By Urs Dür
In 2005, the German state banks, Landesbanks (LB), will lose their state guaranteed loan collateralization thus making likely marked changes in their overall operating strategy because of the likely loss of their ‘AAA’/'AA’ ratings and their endeavor to compensate for such. The maintenance obligation and the statutory guarantees that are currently in place will be maintained until July 18th 2005 and the Landesbanks can and will issue debt under the current guaranteed regime until then but after that, its anyone’s guess. Therefore the preliminary conclusion of this piece is that for the moment, the only conclusion regarding issues for shipping finance and the changes coming in the Landesbank regime is “wait and see”. However there are some very serious and interesting considerations for shipping finance to have in mind while this scenario plays out.

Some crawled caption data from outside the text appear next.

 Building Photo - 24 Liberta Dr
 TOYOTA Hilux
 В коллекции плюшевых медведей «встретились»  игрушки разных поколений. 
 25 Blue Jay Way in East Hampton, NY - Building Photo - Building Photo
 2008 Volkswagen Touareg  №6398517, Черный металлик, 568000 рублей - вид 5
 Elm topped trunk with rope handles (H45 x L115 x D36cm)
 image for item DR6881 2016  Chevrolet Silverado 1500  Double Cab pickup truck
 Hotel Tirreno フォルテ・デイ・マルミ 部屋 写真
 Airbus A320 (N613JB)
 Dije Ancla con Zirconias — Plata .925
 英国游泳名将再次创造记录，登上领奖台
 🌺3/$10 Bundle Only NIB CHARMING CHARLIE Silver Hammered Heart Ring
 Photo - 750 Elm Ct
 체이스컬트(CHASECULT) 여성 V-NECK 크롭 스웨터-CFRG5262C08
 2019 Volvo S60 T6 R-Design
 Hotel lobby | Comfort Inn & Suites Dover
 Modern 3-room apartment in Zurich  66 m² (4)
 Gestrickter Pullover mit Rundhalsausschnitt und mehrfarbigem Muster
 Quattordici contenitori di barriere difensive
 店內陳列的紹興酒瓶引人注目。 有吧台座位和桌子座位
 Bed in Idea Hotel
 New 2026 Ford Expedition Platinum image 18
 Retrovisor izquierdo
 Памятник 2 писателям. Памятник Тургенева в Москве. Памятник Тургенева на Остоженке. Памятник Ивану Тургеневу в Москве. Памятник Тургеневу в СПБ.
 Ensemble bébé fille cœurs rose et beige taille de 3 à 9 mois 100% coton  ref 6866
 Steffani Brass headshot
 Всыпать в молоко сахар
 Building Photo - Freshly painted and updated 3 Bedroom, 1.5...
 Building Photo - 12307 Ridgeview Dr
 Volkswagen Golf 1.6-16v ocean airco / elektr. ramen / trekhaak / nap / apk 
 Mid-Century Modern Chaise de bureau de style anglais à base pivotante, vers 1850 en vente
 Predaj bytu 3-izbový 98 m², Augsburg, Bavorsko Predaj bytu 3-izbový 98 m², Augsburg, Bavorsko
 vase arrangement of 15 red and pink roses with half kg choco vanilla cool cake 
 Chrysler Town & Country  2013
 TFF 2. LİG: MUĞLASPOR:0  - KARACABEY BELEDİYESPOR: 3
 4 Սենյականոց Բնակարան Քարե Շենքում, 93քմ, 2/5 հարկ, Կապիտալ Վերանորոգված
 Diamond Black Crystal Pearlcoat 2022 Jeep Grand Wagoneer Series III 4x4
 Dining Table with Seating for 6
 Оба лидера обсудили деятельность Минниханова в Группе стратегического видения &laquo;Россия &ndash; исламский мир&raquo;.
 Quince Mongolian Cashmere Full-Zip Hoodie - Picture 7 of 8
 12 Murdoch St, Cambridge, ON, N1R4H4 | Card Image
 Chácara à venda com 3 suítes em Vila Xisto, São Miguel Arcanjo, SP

BUSINESS MOD – ELS, FUNDING, PRO FITIBILITY TO CHANGE
Currently, Landesbanks are suffering from weak core profitability and capital levels which are further aggravated by rising loan-loss provisions in the wake of the difficult economic environment. Diversification of income by merging with retail savings operations is one proposed way to improve profitability. In the past, conflicting interests in the ownership structures between the Landesbanks and the retail savings institutions in Germany have created different strategies, risk appetites and rivalries that have prevented closer cooperation. It is highly likely this will have to change in order for the Landesbanks to remain competitive in the international shipping arena. Private German investment banks already under-price the Landesbanks so integration with non-internationally based revenue retail banks in Germany is one way to change the competitive structure.